Good point. I agree. An insert could grow the table. Additionally,
another delete could shuffle elements back to a more optimal position
so we couldn't do any inserts or deletes between the lookup of the
item to delete and the actual delete.

> > -             /* TODO: return false; if distance too big */
> > +/*
> > + * Perform hash table lookup on 'key', delete the entry belonging to it and
> > + * return true.  Returns false if no item could be found relating to 'key'.
> > + */
> > +SH_SCOPE bool
> > +SH_DELETE(SH_TYPE * tb, SH_KEY_TYPE key)
> > +{
> > +     SH_ELEMENT_TYPE *entry = SH_LOOKUP(tb, key);
> >
> > -             curelem = SH_NEXT(tb, curelem, startelem);
> > +     if (likely(entry != NULL))
> > +     {
> > +             /*
> > +              * Perform deletion and also the relocation of subsequent items which
> > +              * are not in their optimal position but can now be moved up.
> > +              */
> > +             SH_DELETE_ITEM(tb, entry);
> > +             return true;
> >       }
> > +
> > +     return false;           /* Can't find 'key' */
> >  }
>
> You meantioned on IM that there's a slowdowns with gcc. I wonder if this
> could partially be responsible. Does SH_DELETE inline LOOKUP and
> DELETE_ITEM? And does the generated code end up reloading entry-> or
> tb-> members?

Yeah both the SH_LOOKUP and SH_DELETE_ITEM are inlined.

I think the difference might be coming from the fact that I have to
calculate the bucket index from the bucket pointer using:

  /* Calculate the index of 'entry' */
    curelem = entry - &tb->data[0];

There is some slight change of instructions due to the change in the
hash lookup part of SH_DELETE, but for the guts of the code that's
generated for SH_DELETE_ITEM, there's a set of instructions that are
just additional:

subq %r10, %rax
sarq $4, %rax
imull $-1431655765, %eax, %eax
leal 1(%rax), %r8d

For testing sake, I changed the curelem = entry - &tb->data[0]; to
just be curelem = 10; and those 4 instructions disappear.

I can't really work out what the imull constant means. In binary, that
number is 10101010101010101010101010101011

I wonder if it might be easier if I just leave SH_DELETE alone and
just add a new function to delete with the known element.

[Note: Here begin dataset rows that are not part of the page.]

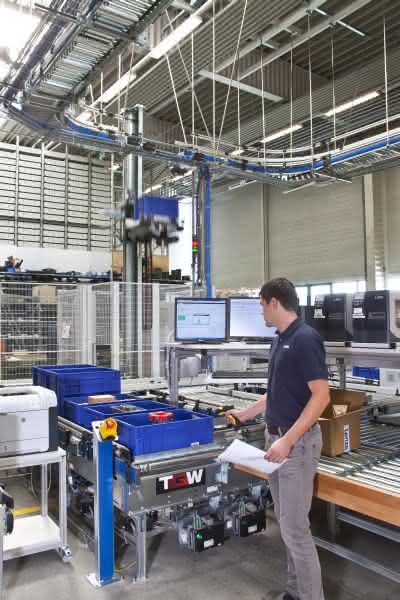 Logistiklösung: Automatisiertes Hochregallager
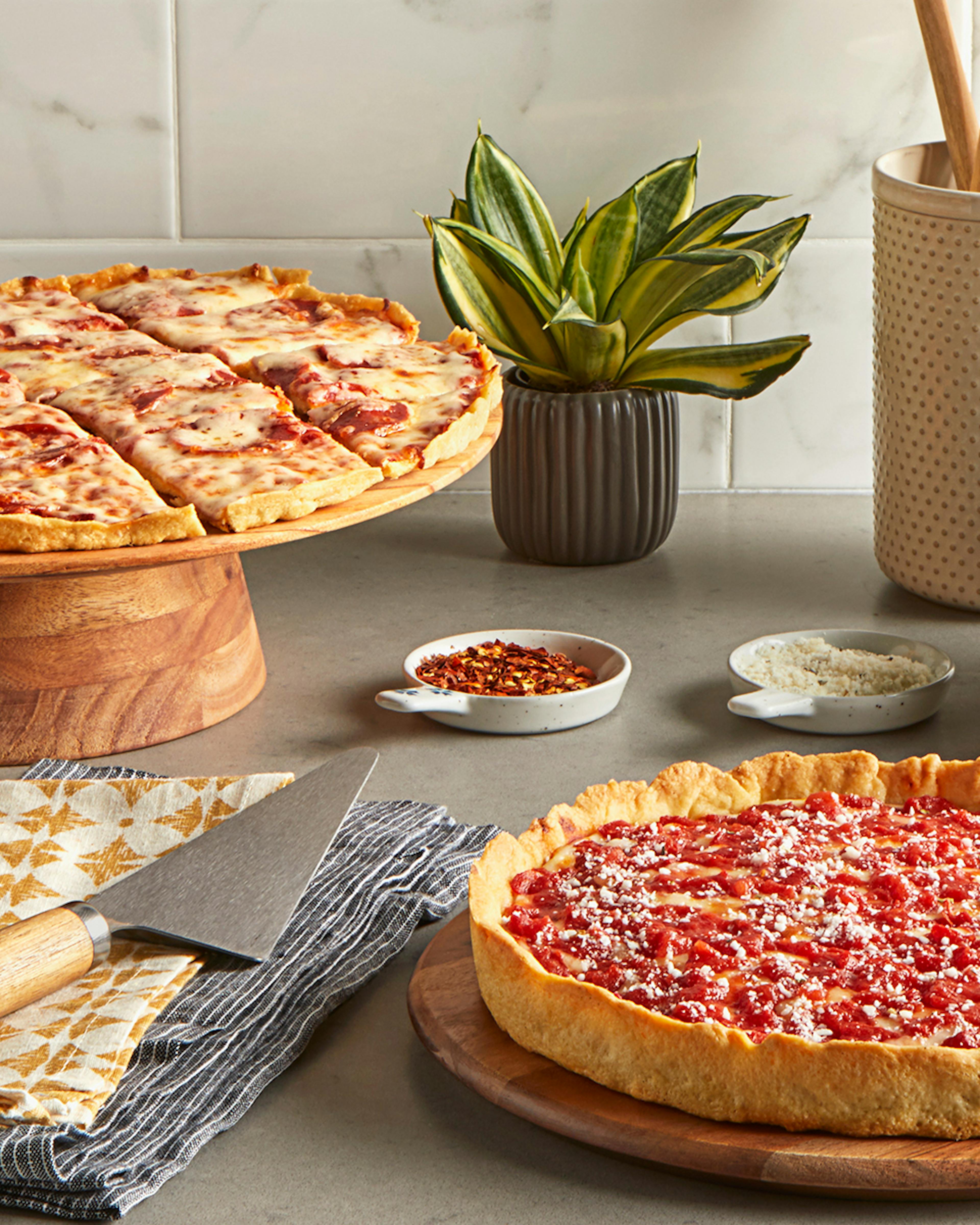 2 Lou Malnati's Thin Crust Pizzas + 5 Deep Dish Pizzas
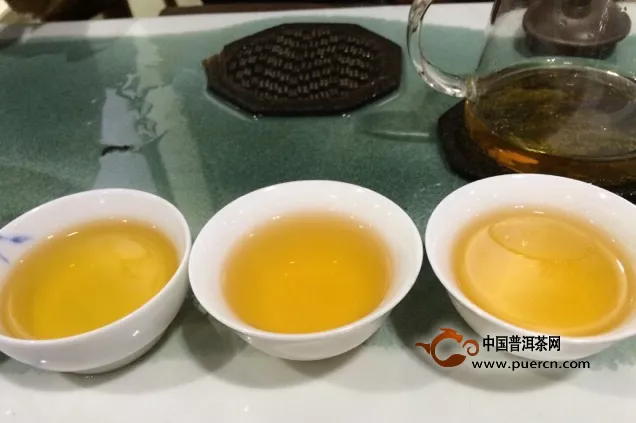 新鲜茶叶制作过程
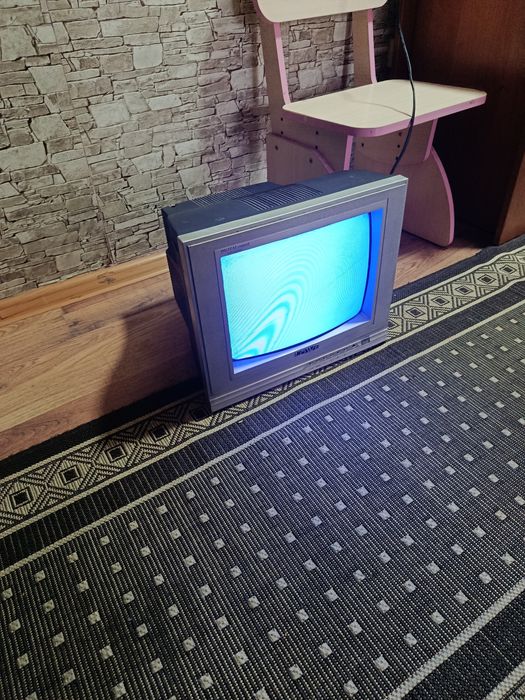 Телевізор loewe lt1401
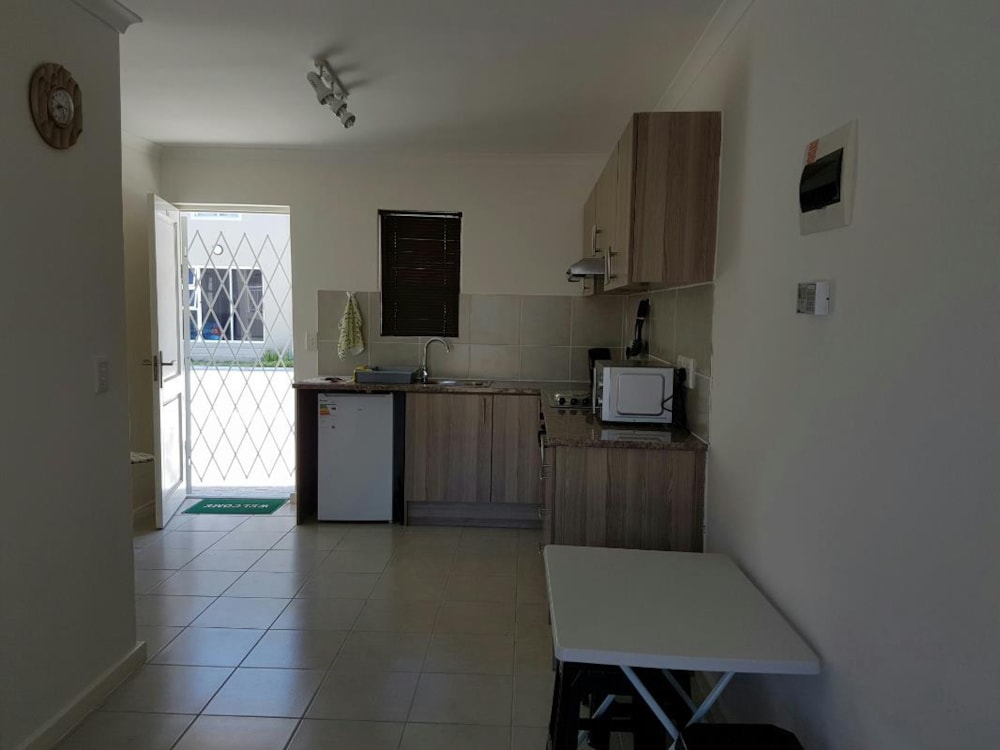 Apartment to rent in Muizenberg - 1OT1725053 Apartment to rent in Muizenberg - 1OT1725053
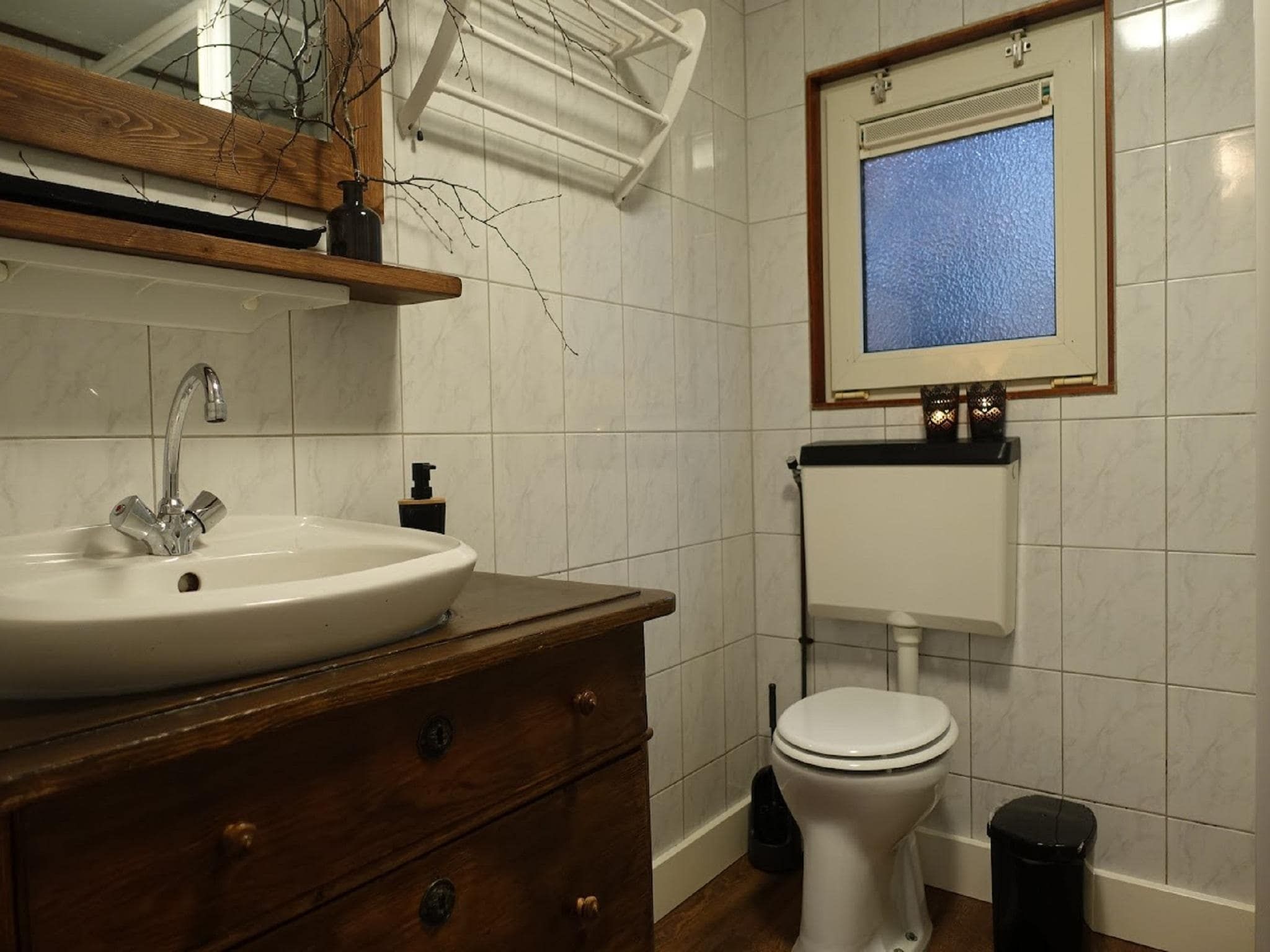 De badkamer van Vechtdalchalet de Eik in Rheezerveen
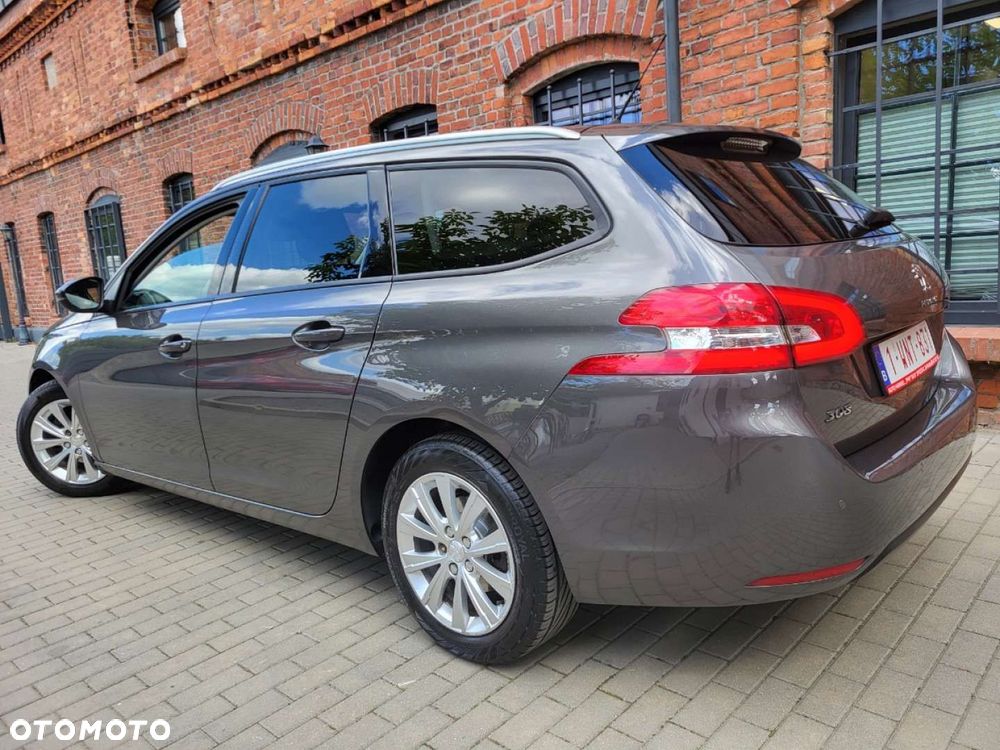 Peugeot 308 - 4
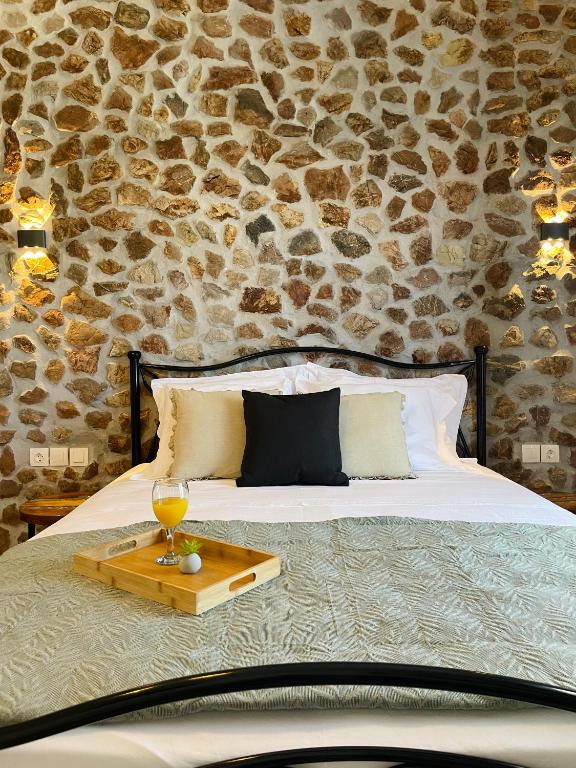 Postel nebo postele na pokoji v ubytování Althea Apartments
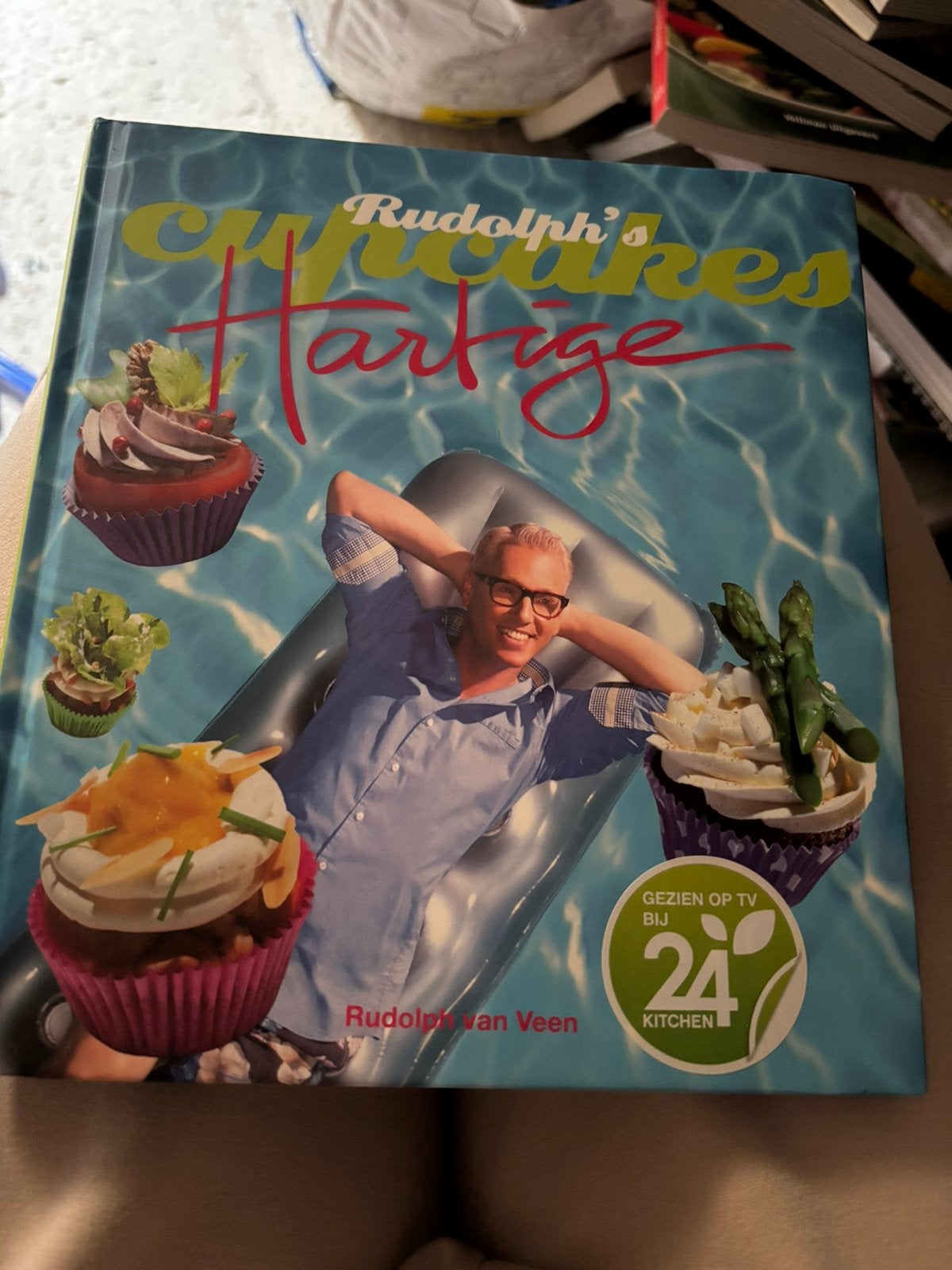 Rudolph van Veen - Rudolph's hartige cupcakes, Boeken, Ophalen of Verzenden, Zo goed als nieuw, Rudolph van Veen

> When the SH_SCOPE isn't static *, then IIRC gcc on unixes can't rely on
> the called function actually being the function defined in the same
> translation unit (unless -fno-semantic-interposition is specified).
>
>
> Hm, but you said that this happens in tidbitmap.c, and there all
> referenced functions are local statics. So that's not quite the
> explanation I was thinking it was...
>
>
> Hm. Also wonder whether we currently (i.e. the existing code) we
> unnecessarily end up reloading tb->data a bunch of times, because we do
> the access to ->data as
>                 SH_ELEMENT_TYPE *entry = &tb->data[curelem];
>
> Think we should instead store tb->data in a local variable.

At the start of SH_DELETE_ITEM I tried doing:

SH_ELEMENT_TYPE *buckets = tb->data;

then referencing that local var instead of tb->data in the body of the
loop.  No meaningful improvements to the assembly. It just seems to
adjust which registers are used.

WIth the local var I see:

addq %r9, %rdx

but in the version without the local variable I see:

addq 24(%rdi), %rdx

the data array is 24 bytes into the SH_TYPE struct. So it appears like
we just calculate the offset to that field by adding 24 to the tb
field without the local var and just load the value from the register
that's storing the local var otherwise.